Thursday 18th July, to Leicester – Richard III Visitor Centre. The Visitor Centre showcases the life of King Richard III and the story of how his remains were discovered in 2012. The centre opened in 2014 on the site of Greyfriars, the medieval friary in whose church the King was buried. The cost of transport on this occasion is £15. The entrance fee is to be confirmed. Nearby are the Cathedral and the Guildhall. The coach leaves Sudbury bus station at 9am and is expected to depart from Leicester at about 4pm. The journey is approximately 2½ hours.
Read a report of this outing: Leicester visit 2019 .
Thursday 22nd August, to Bury St Edmunds – Barry Wall will give an informal talk at the Abbey (make your own way there, not a coach trip).
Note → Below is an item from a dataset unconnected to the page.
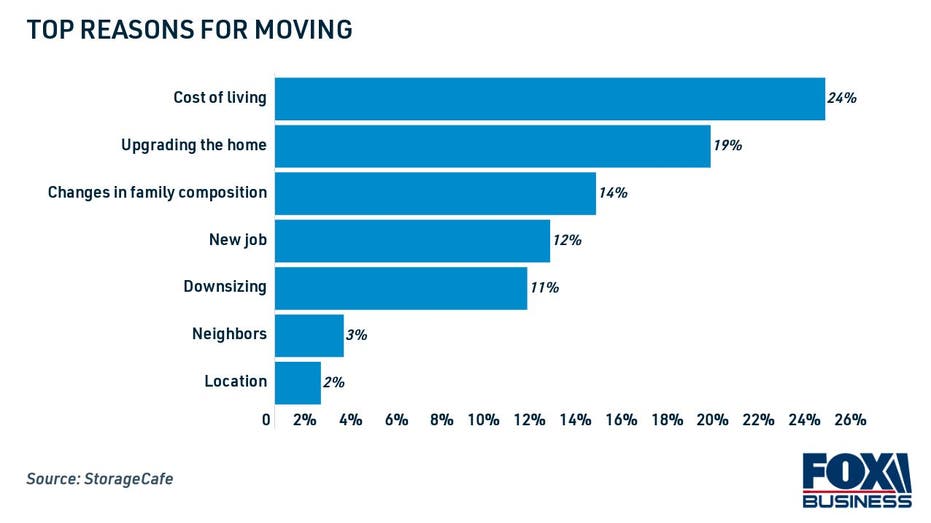 Top reasons for moving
Friday 20th September, to Felbrigg (National Trust) in Norfolk – a Mansion dating from the 15th century, with lavish interiors, set in a vast estate with a lake and woodland. The admission cost for those who are not members of National Trust is normally £11 but there is no charge for our visit as it falls on a Heritage Open Day.
Read a report of this outing: Felbrigg Hall report, 2019 .
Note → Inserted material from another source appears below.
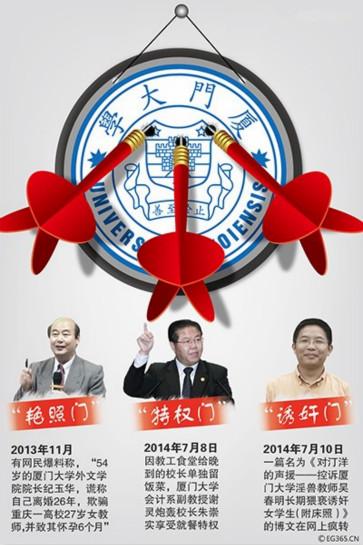 陷入漩渦的廈門大學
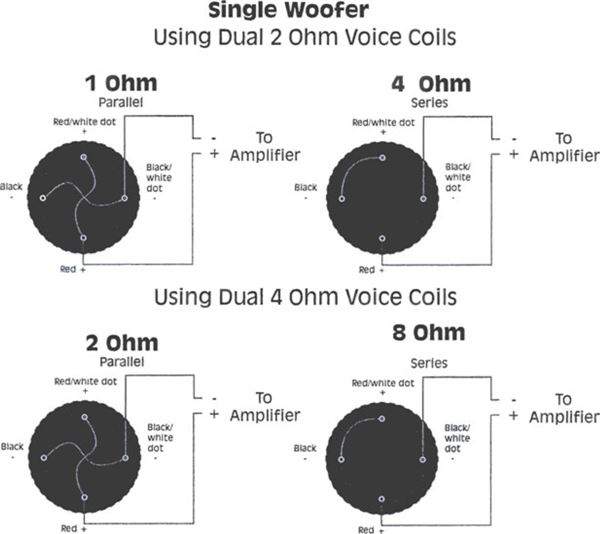 4 Ohm Single Voice Coil Wiring Diagram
Thursday 24th October, a visit to Syon House in west London is planned. Syon is one of the last great houses of London, and has been in the family of the present owners for more than 400 years.
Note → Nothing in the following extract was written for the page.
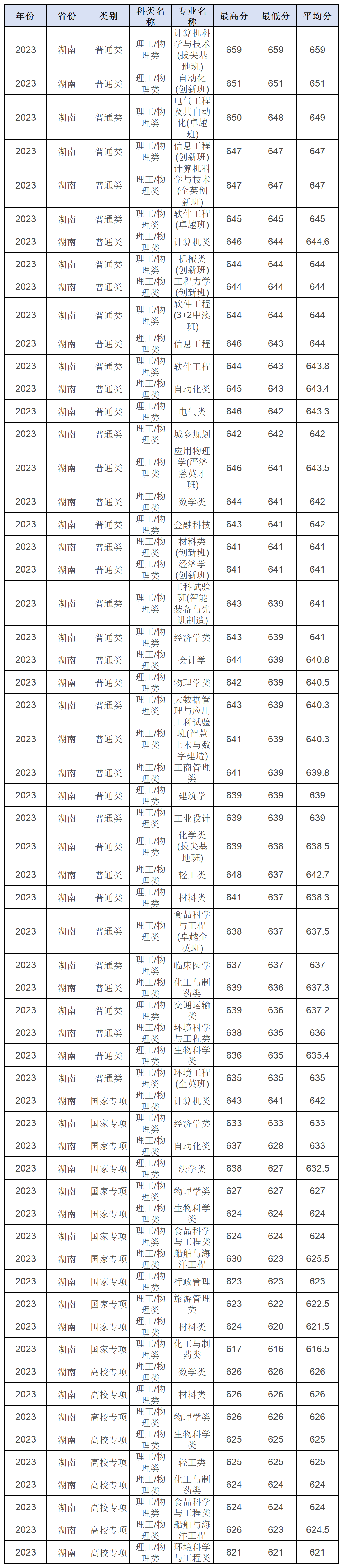 工作簿1_Sheet4(14).png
Profoundly historic, the House holds a wealth of art within its grand classical interiors, while the Park and Gardens feel like deep countryside, although barely nine miles from Charing Cross.
Syon Park contains a great variety in a relatively small area, from Gardens and Arboretum through to parkland and the unique tidal water meadows. Read a report: Syon House report or see Report and photos .
Thursday 21 November, a trip to Norwich, leaving Sudbury Bus Station at 9am. The cost is £13.50. At Norwich, it is “do your own thing”. There are two cathedrals, the castle, numerous shops and much else to see. Visit www.visitnorwich.co.uk .
Looking ahead: A visit to Kenwood House was under consideration for Spring 2020. Kenwood House is a former stately home, in Hampstead, London, on the northern boundary of Hampstead Heath. The house was originally constructed in the 17th century and served as a residence for the Earls of Mansfield through the 18th and 19th centuries. The house was remodelled by Robert Adam between 1764 and 1779. Part of the estate was bought by the Guinness family in the early 20th century, and the whole property and grounds came under ownership of the London County Council and was open to the public by the end of the 1920s. It remains a popular local tourist attraction.